* [SUPPLIED DATA]:

::::::

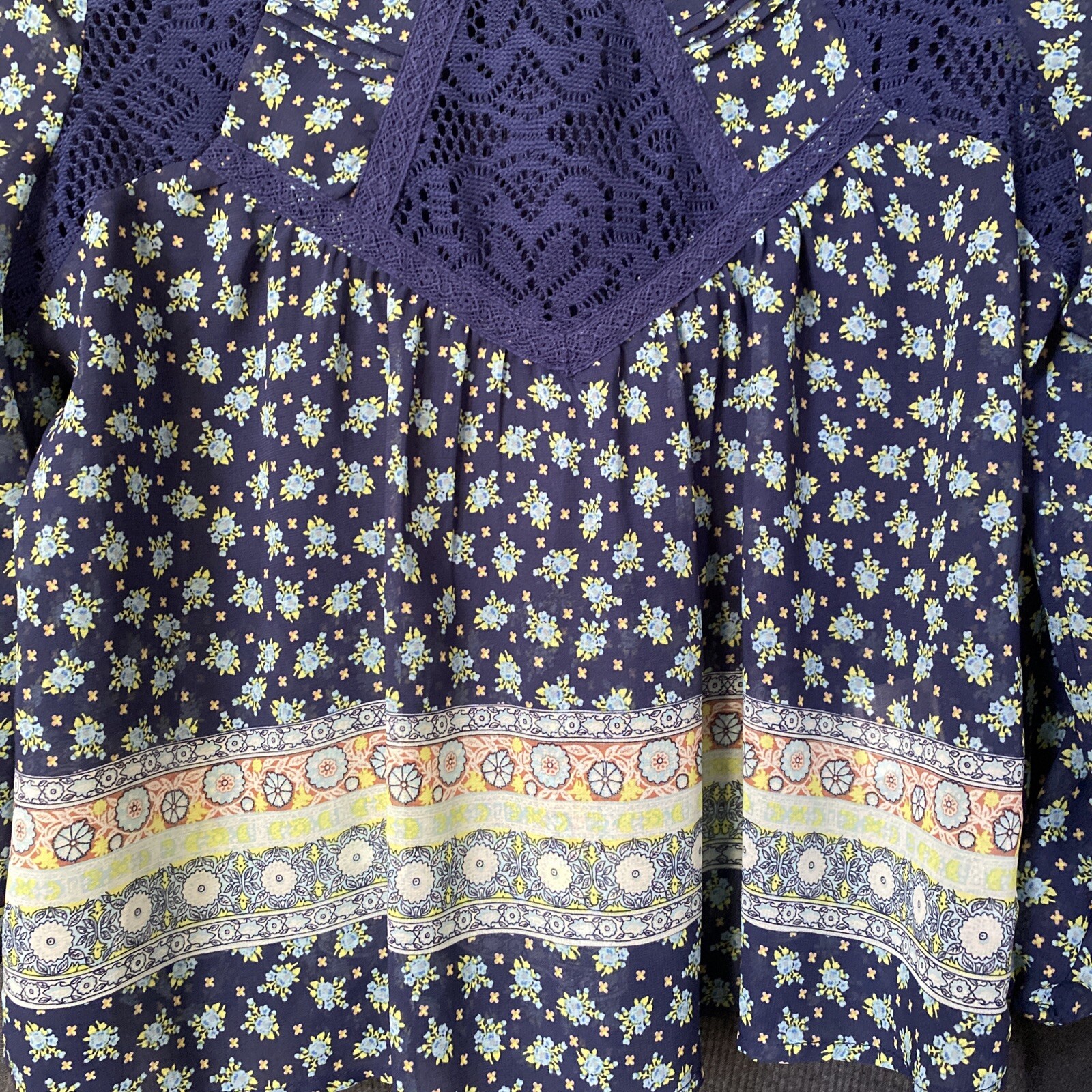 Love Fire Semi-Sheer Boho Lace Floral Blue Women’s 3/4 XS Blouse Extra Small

::::::

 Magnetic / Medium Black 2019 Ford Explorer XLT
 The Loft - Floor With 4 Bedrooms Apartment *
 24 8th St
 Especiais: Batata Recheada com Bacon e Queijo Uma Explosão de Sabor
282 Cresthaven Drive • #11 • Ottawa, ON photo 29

::::::

* [EXERCISE GOAL]:
Reproduce only the lines above, starting at the line with "Especiais: Batata Recheada" and ending at the line with "282 Cresthaven Drive", exactly as written.

* [ANSWER TO THE EXERCISE]:
 Especiais: Batata Recheada com Bacon e Queijo Uma Explosão de Sabor
282 Cresthaven Drive • #11 • Ottawa, ON photo 29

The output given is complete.